10. L’avoir fait exprès

Nous avons vu pourquoi les déséquilibrés mentaux comme les mineurs d’âge ne peuvent être jugés coupables de leurs actes : à défaut de discernement, ils ont agi en toute inconscience. Certes, ils ont commis un fait matériel qui constitue bien une infraction, mais ce que les juristes appellent  » l’élément moral  » fait ici défaut. Or il ne peut y avoir en principe de responsabilité pénale sans faute. Ceci justifie également que doivent être acquittés ceux qui auraient transgressé la loi par l’effet d’une erreur ou d’une ignorance invincible, c’est à dire non fautive. Réserver la sanction pénale à ceux qui le méritent a, en effet, valeur d’axiome dans tout système de justice digne de ce nom. Qu’aux Etats-Unis puissent être condamnés à mort des débiles mentaux renvoie, à nos yeux, à la préhistoire !
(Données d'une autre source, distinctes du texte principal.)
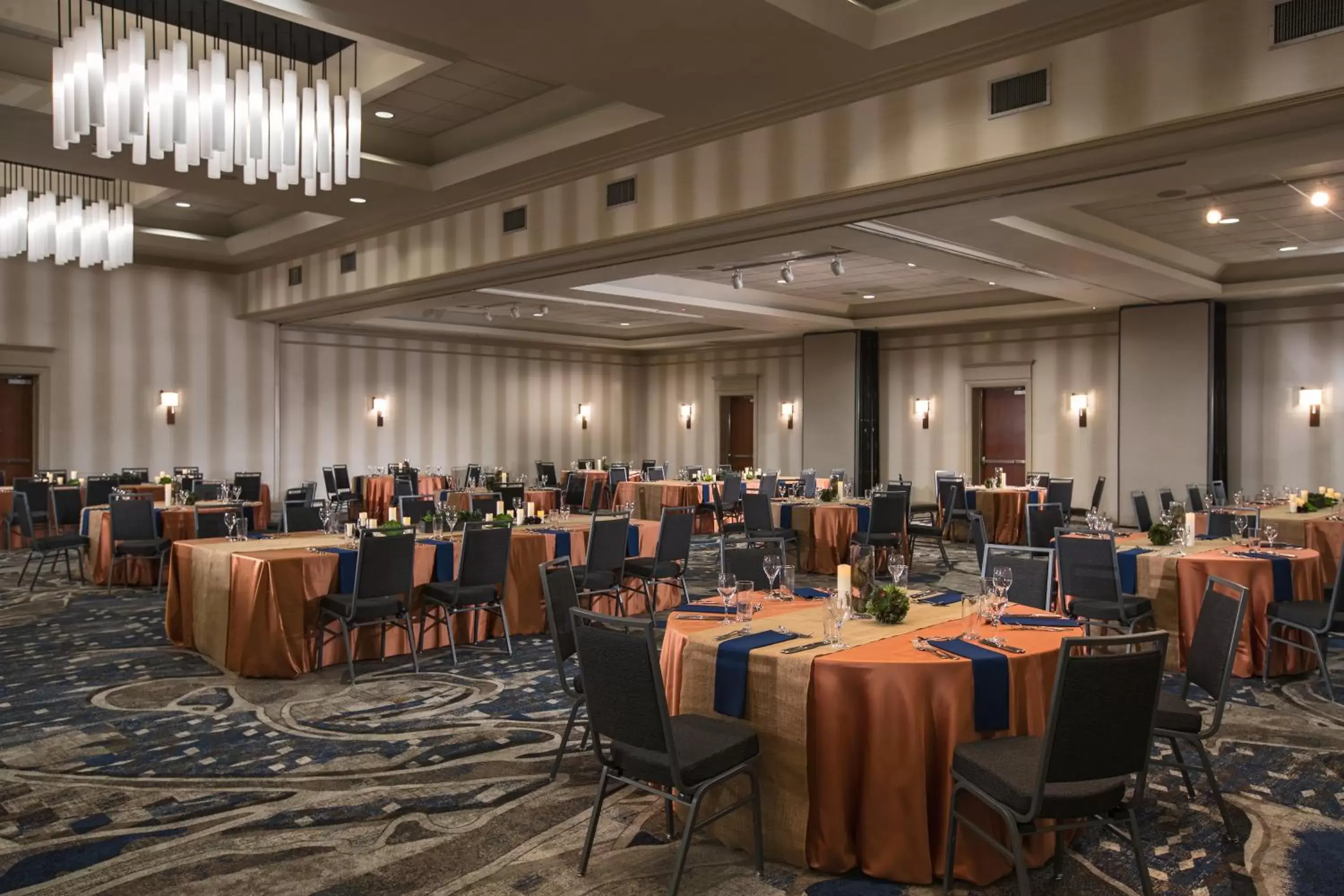 Banquet/Function facilities, Restaurant/Places to Eat in Sonesta Nashville Airport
Le même principe vaut pour les actes conscients mais involontaires, soit les actes commis sous la contrainte. Les juristes parlent également à ce propos de la force majeure ou, vocabulaire plus courant aux assises, de force irrésistible (souvent évoquée en matière de crime passionnel). Comment admettre de punir quelqu’un qui aurait posé un acte contre son gré,  » à son corps défendant  » ? S’il n’a été que l’instrument de la volonté d’un tiers, par exemple, ayant fait peser sur lui la menace d’un mal grave, imminent et injuste (définition de la contrainte morale), qui pourrait lui jeter la pierre ? A plus forte raison, comment tenir grief à celui qui aurait été placé matériellement dans l’impossibilité d’éviter de commettre l’infraction (définition de la contrainte physique) : obstacle imprévisible sur la chaussée, par exemple. Ne serait-il pas aberrant de condamner celui qui, tout en étant la cause immédiate de l’infraction, n’est susceptible d’aucun reproche ?

Plus délicate est la question des troubles passagers du discernement, dus à l’ivresse, à une intoxication médicamenteuse, à un évanouissement… Le lecteur fera spontanément la distinction entre un chauffard qui roule en état d’ébriété et un conducteur victime d’un malaise cardiaque, entre un toxicomane en état de manque et un épileptique en crise. Le droit pénal aussi. Pour faire disparaître l’infraction, le trouble devra donc être total, mais il ne pourra en outre résulter de la volonté de l’auteur lui-même. S’enivrer ou se droguer sont évidemment des actes fautifs dont on devra assumer toutes les conséquences, de même que prendre le volant quand il existe des contre-indications médicales dont le conducteur est dûment averti. En revanche, l’imprévisibilité d’une syncope justifie que ses conséquences ne puissent être imputées à tort à celui qui en est victime. Il n’y a là qu’une saine application du même principe de justice qui empêche de poursuivre des individus qui, bien qu’ayant enfreint la loi, n’en sont en rien fautifs.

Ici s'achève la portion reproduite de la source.